Punishment here is tougher if the statement is not true. "But you're punished in all cases for revealing things that injure someone's reputation," Carr said. "If you say, 'Look out for Jim. He's a crook. He swindled me,' that's a crime in South Korea. And people use it. Defamation may be the No. 1 criminal complaint here."
And this brings me back to my KT-is-a-high-school-newspaper paradigm: A real paper would have seen the red flags on this one over the horizon, and they would have run it by their hot-and-juicy lawyers before allowing it into print. Mr Breen, of course, would have protested that this is self-censorship that wouldn't be allowed back in Britannia, and the real paper's editors would have walked up to the giant world map on the east wall and pointed out that, no, Seoul is not a part of Britannia.
Instead the Korea Times printed it, they got called on it, they apologized, and then they left Mr Breen hanging like so much Florida chad. Or rather, Mr Breen left himself hanging, because "in all conscience, I don't know whom to apologize to and what I'd be apologizing for."
I hate to be the one saying, "Hey, scrap those liberal attitudes about the press and get with the program and apologize," but Mr Breen prolly needs to do just that. As much as I loathe the state of the news media in South Korea, Mr Breen is in something of an indefensible position. He writes serious articles like this one on the North Korea threat, while getting royalties off books like this, and then he uses "satirical spoof" as a defense for what was written in a different article in the same column in the same paper: Is he a serious analyst of serious news or is he a comic? More to the point, is this usually serious author hinting that Samsung is really doing the things that he jokingly referred to them as doing?

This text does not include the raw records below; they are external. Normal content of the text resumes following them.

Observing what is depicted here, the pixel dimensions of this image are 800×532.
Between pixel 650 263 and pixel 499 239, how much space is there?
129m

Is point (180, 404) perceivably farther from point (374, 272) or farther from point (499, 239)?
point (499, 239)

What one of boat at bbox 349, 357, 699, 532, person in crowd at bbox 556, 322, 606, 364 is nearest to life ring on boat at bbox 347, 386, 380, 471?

Really, the man who has taught so many non-Koreans just who the Koreans are, what they want, and where their future lies should have known better, don't you think? Or at the very least, since accusations of offense can fly out of nowhere when we easily misjudge how thick someone else's skin is, he should know that apologizing is probably the best Korean way to handle this instead of standing on a very British (and American) defense of satire.

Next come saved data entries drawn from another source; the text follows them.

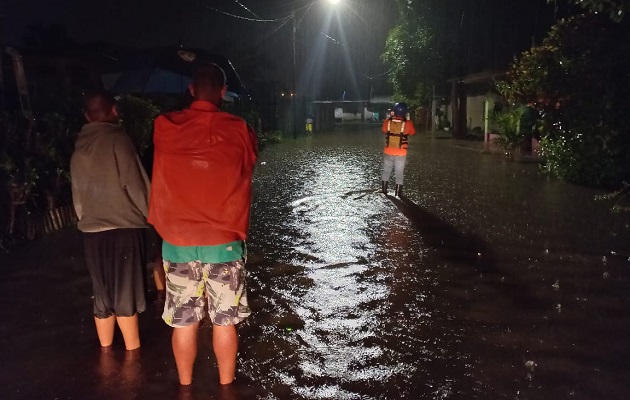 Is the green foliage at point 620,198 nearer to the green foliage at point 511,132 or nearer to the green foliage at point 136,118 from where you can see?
the green foliage at point 511,132

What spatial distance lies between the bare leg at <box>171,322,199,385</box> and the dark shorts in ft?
1.85

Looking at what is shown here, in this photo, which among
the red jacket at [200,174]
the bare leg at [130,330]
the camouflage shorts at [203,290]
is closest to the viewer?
the red jacket at [200,174]

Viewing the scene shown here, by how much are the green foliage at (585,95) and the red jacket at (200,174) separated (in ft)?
33.7

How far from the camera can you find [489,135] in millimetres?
22828

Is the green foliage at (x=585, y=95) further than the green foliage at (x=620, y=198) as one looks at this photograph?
Yes

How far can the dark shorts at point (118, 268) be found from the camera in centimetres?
380

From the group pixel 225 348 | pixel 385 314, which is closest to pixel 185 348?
pixel 225 348

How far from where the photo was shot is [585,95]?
11742 mm

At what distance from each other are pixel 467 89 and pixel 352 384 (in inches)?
1142

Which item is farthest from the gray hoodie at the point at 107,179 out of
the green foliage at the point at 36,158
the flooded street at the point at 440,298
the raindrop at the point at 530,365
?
the green foliage at the point at 36,158

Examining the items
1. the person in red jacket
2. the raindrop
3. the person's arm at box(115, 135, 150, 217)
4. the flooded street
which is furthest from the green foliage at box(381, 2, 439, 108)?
the person in red jacket

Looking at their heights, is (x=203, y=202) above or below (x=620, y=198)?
above

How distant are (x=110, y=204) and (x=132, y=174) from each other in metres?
0.24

Because on that score, Samsung may have an ace in the hole: It's not satire if it's not humorous.
All that said, Samsung is really shooting themselves in the foot if they keep up this lawsuit now that it's gone "global" (unlike the KT, the LAT is taken seriously around the world). They need to just suck it up and let it go. Otherwise you've got Samsung boycotts on the horizon by people who aren't so amenable to the idea that in Korea you follow Korea's rules of the press.

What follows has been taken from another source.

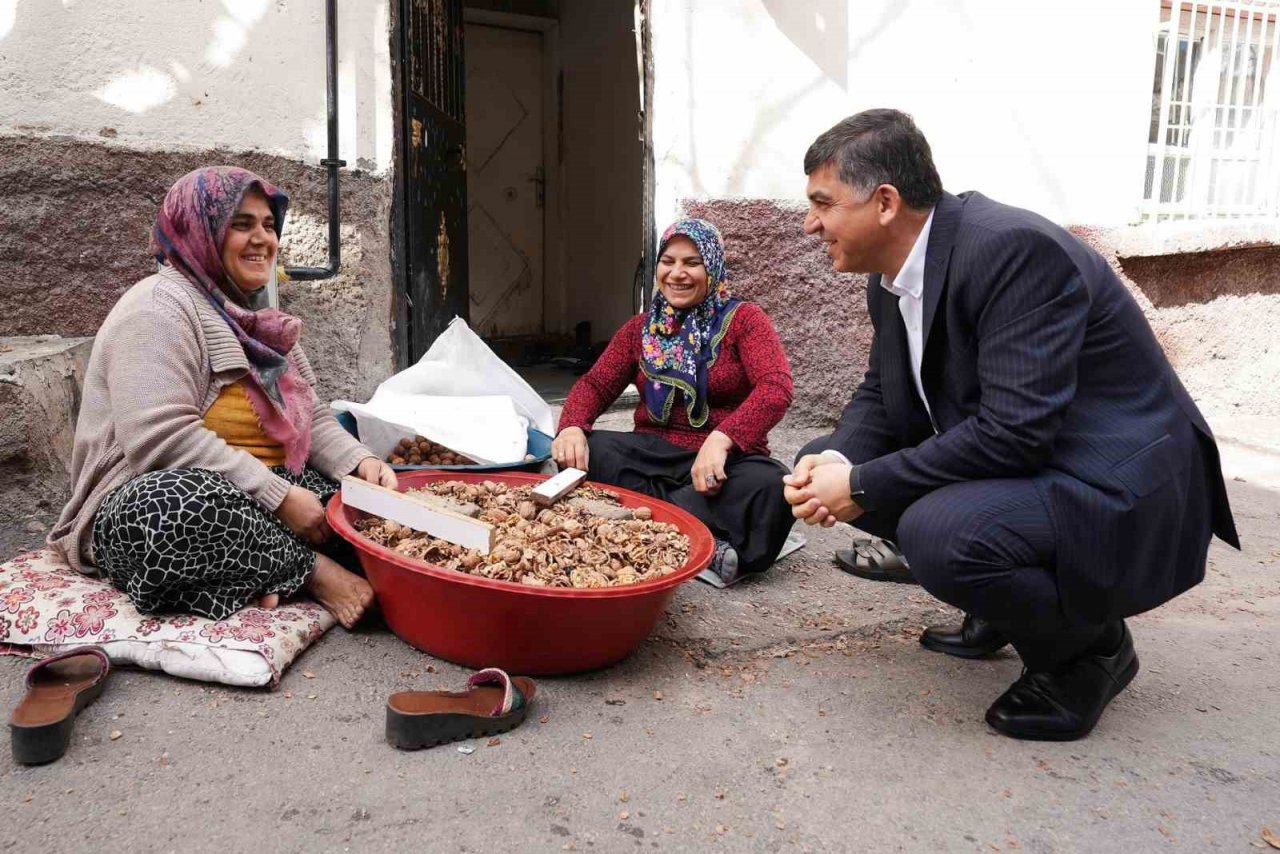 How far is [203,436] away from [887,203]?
1.59 metres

Regarding the KT's "correction":
The column indicated in its introduction that it was a factual roundup of stories in the news, and the columnist did not explain clearly at any point that it was intended to be humorous or satirical.Before anyone says "well it was obviously satire," I'd like to point out that my own often-lame, hit-or-miss (this is probably the best one) final story in my daily news roundups is always a gag story, but I frequently get people emailing me or commenting that the link doesn't work, because they think it's a real story. And I'm not talking about stupid people, either (this includes some prominent bloggers).
In other words, in a world of OinK ("only in Korea"), satire can backfire because the truth is sometimes even stranger. Again, Mr Breen is a serious news analyst and author whose usual material is not normally the type one would find at, say, "Dokdo Is Ours." It's plausible that a less-than-perfect English speaker or even a native anglophone might be credulous on reading part of Mr Breen's "satirical spoof."
UPDATE (May 15, 2010):
The civil case against Mr Breen has been dropped. The criminal case is still pending, but Mr Breen seems himself to believe that if the plaintiff (Samsung) drops the civil complaint, then the prosecutors are likely to drop the criminal complaint.